*** Data to process Section Begins ***

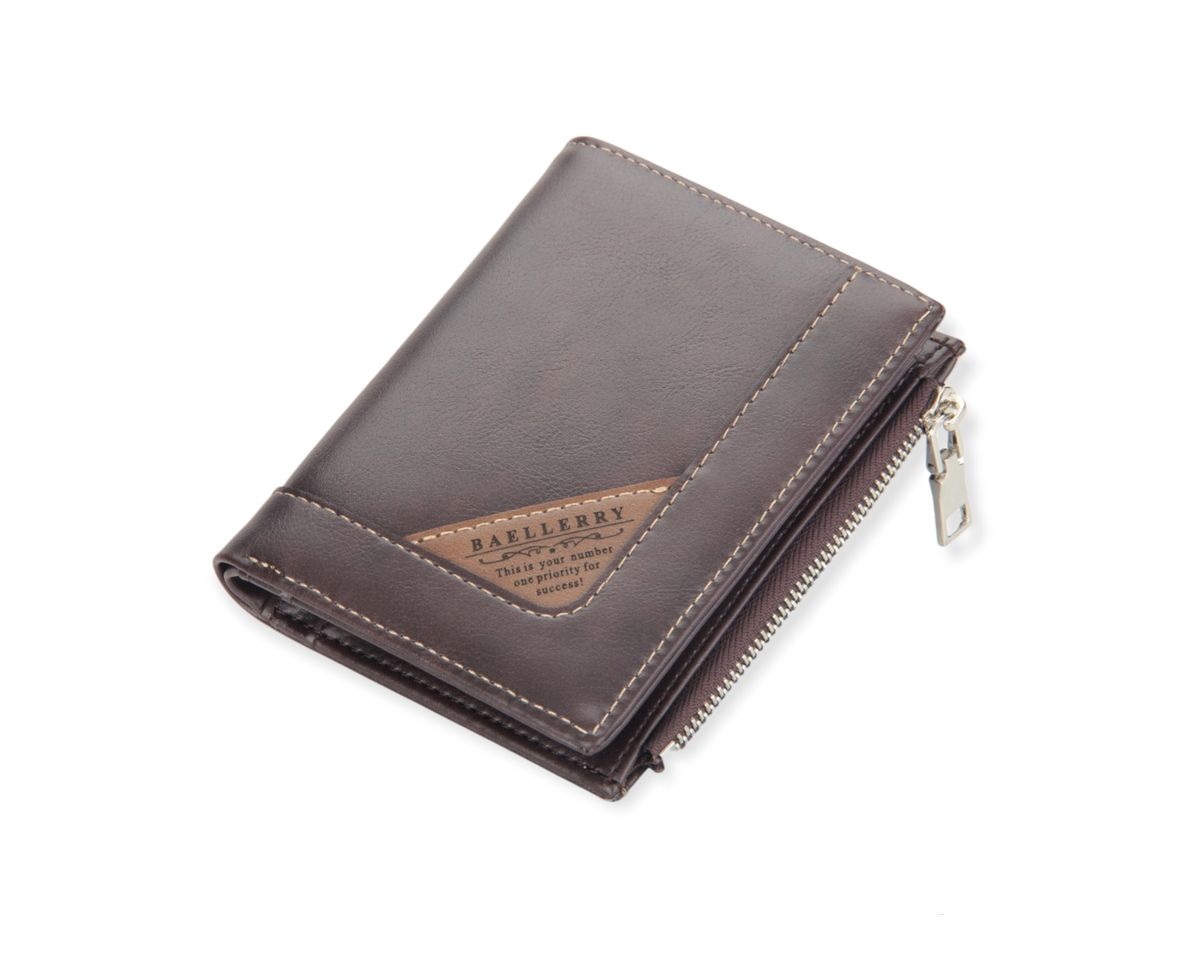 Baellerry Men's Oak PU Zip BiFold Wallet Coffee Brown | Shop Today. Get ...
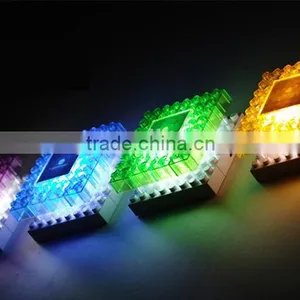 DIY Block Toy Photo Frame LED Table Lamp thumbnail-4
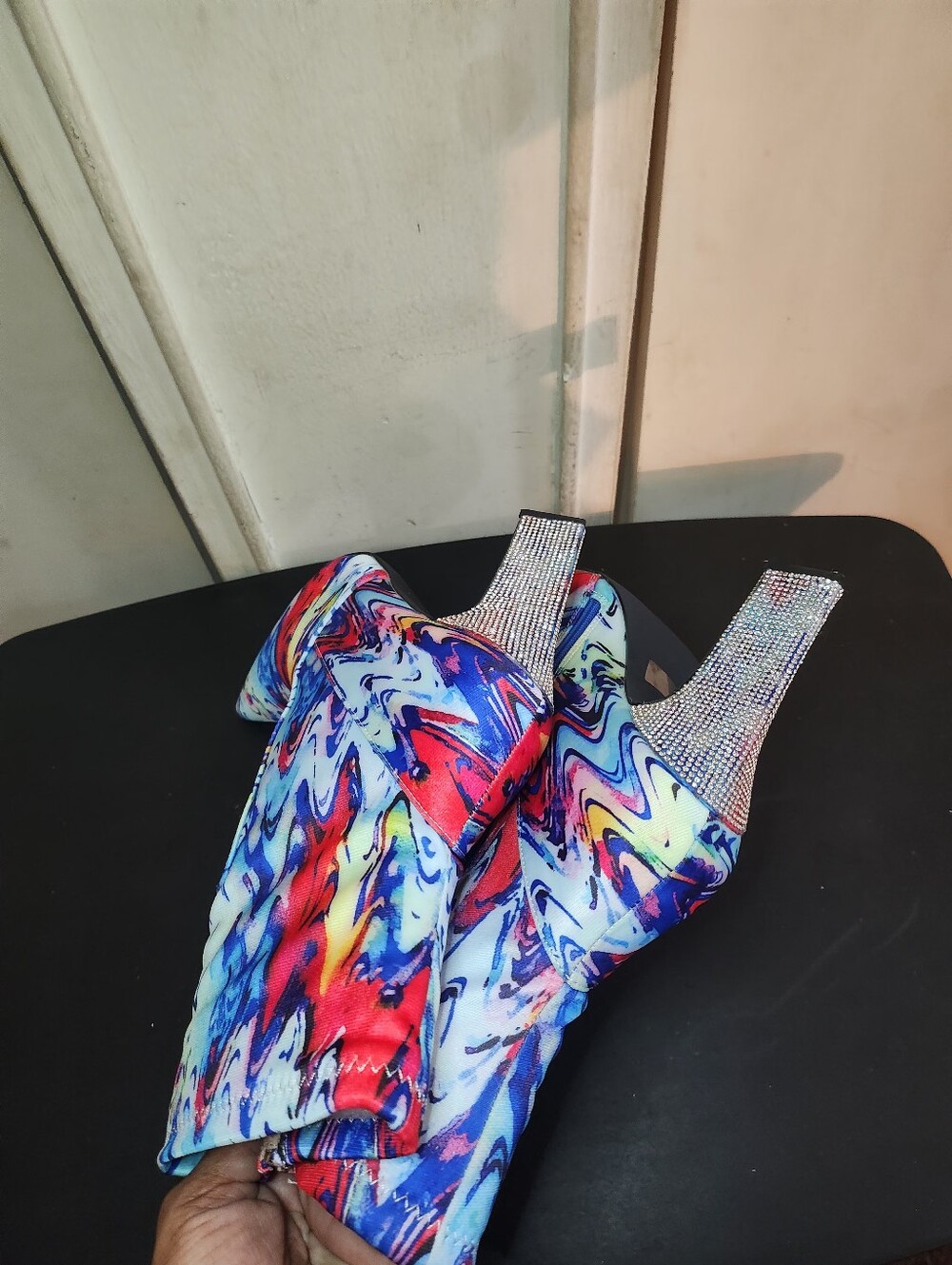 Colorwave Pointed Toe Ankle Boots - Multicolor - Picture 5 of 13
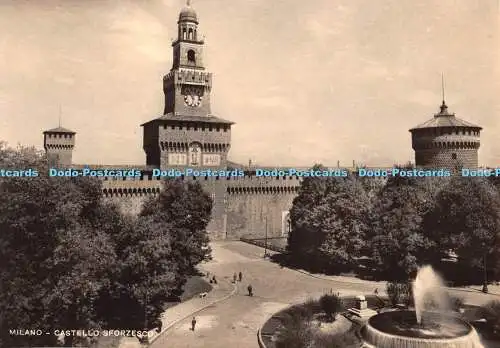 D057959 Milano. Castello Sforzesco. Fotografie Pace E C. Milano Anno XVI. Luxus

*** Data to process Section Ends ***
*** Data to process Section Begins ***

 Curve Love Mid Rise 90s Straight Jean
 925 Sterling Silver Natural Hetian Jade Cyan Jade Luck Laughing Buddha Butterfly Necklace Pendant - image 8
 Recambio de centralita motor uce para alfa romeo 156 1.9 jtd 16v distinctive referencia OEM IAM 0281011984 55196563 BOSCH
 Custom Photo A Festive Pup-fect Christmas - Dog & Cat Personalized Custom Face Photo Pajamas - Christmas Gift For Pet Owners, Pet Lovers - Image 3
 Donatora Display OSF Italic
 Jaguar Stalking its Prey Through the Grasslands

*** Data to process Section Ends ***

- _Description of the task_
Reproduce, word for word and in full, only the lines above that start at the line with "Custom Photo A" and run through the line with "Jaguar Stalking its", both ends included.

- _Solved exercise_
 Custom Photo A Festive Pup-fect Christmas - Dog & Cat Personalized Custom Face Photo Pajamas - Christmas Gift For Pet Owners, Pet Lovers - Image 3
 Donatora Display OSF Italic
 Jaguar Stalking its Prey Through the Grasslands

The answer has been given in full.